= Mateo Rosas de Oquendo =

Peruvian satirist

Mateo Rosas de Oquendo (ca. 1559–1612) was viceregal Peru's earliest satirist. Born in Spain, he travelled to the New World where he served as Secretary to the Viceroy García Hurtado de Mendoza. Notarial documentation shows him as engaged in the conquest of Tucumán, where he is named Accountant of Royal Finances and founds the city of La Rioja. He was also a land grantee in Canchanga and Camiquín. He probably left Peru and settled in Mexico around 1598.

His works are found mainly in two manuscripts, one at the National Library of Spain in Madrid (MS 19381) and the other, Ms. Codex 193, at the Library of the University of Pennsylvania.

==Bibliography==
Lasarte, Pedro.
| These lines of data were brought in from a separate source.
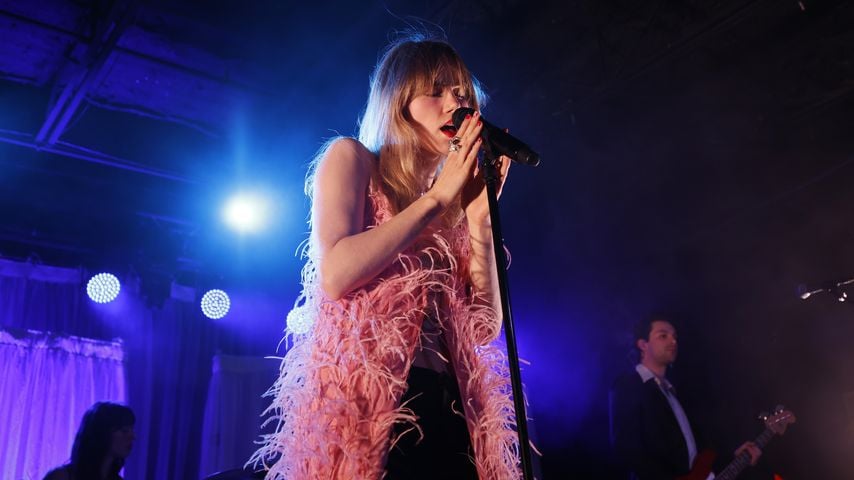Suki Waterhouse im Februar 2023
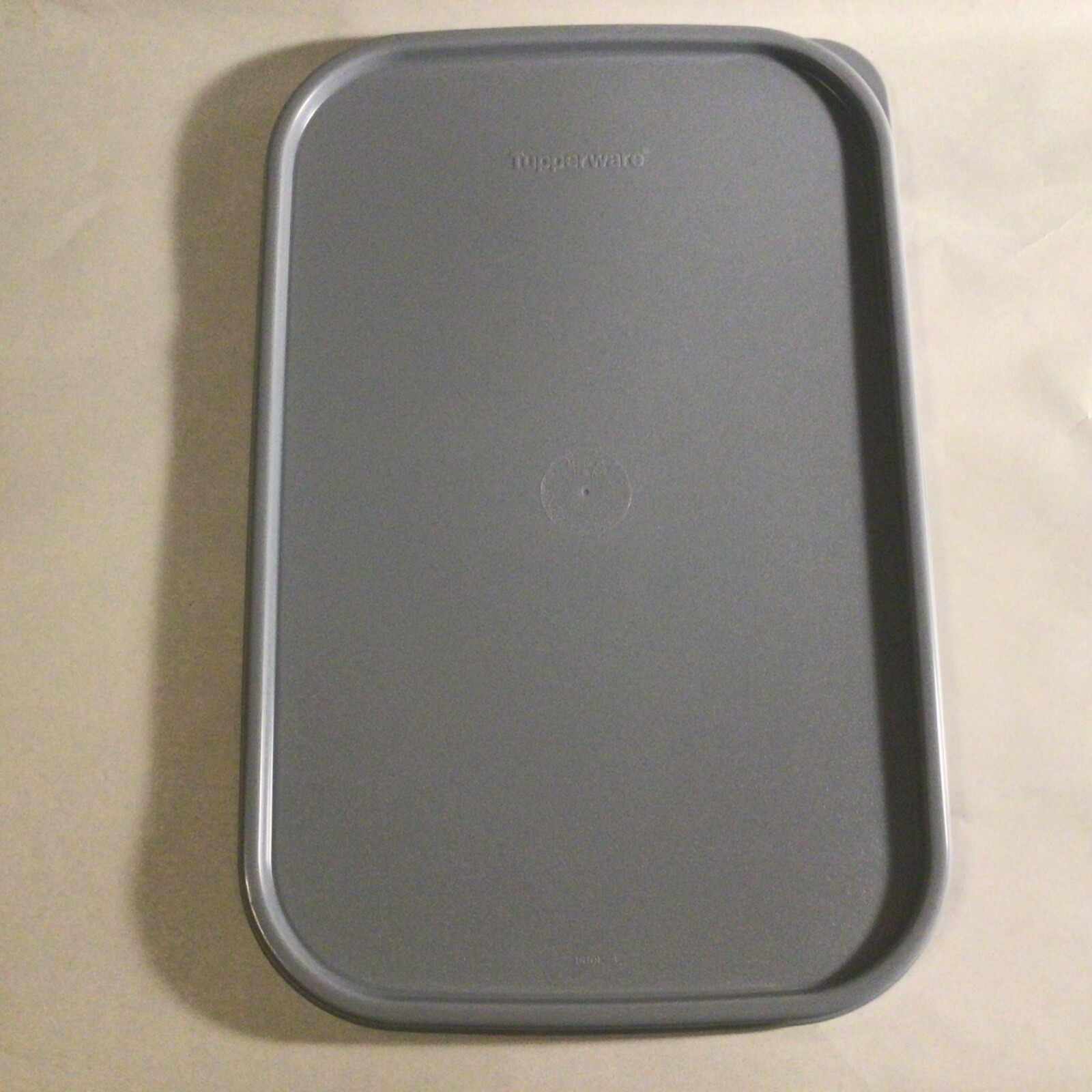 NEW Tupperware Modular Mate RECTANGLE LIDS/ SEALs GRAY or Cotton MINT!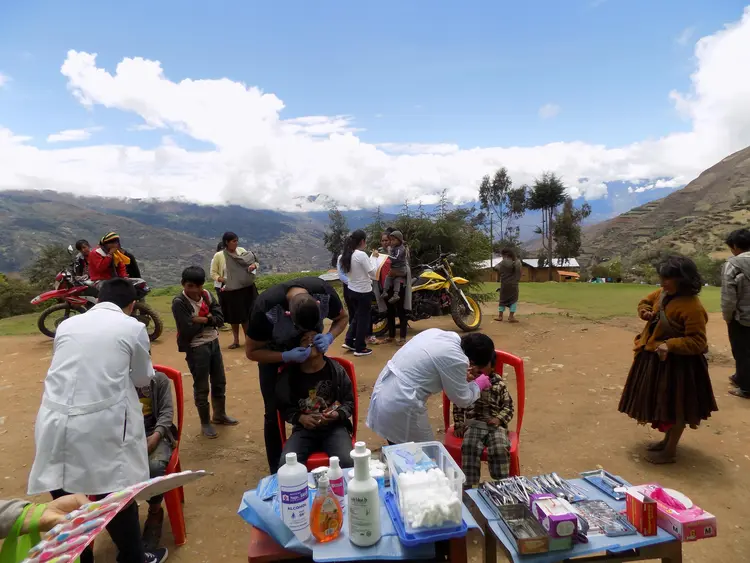 Pacha waray cumpliendo la labor social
Mateo Rosas de Oquendo. Obra completa y poemas relacionados (Lima: Universidad Ricardo Palma / Editorial Universitaria, 2019).
- Lasarte, Pedro. Ed., Sátira hecha por Mateo Rosas de Oquendo a las cosas que pasan en el Pirú, año de 1598. Estudio y edición crítica (Madison: HSMS, 1990).
- Lasarte, Pedro. Lima satirizada (1598-1698): Mateo Rosas de Oquendo y Juan del Valle y Caviedes (Lima: PUCP, 2006)
- Reyes, Alfonso. "Sobre Mateo Rosas de Oquendo, poeta del siglo XVI." Revista de filología española, 6 (1917), 341-70.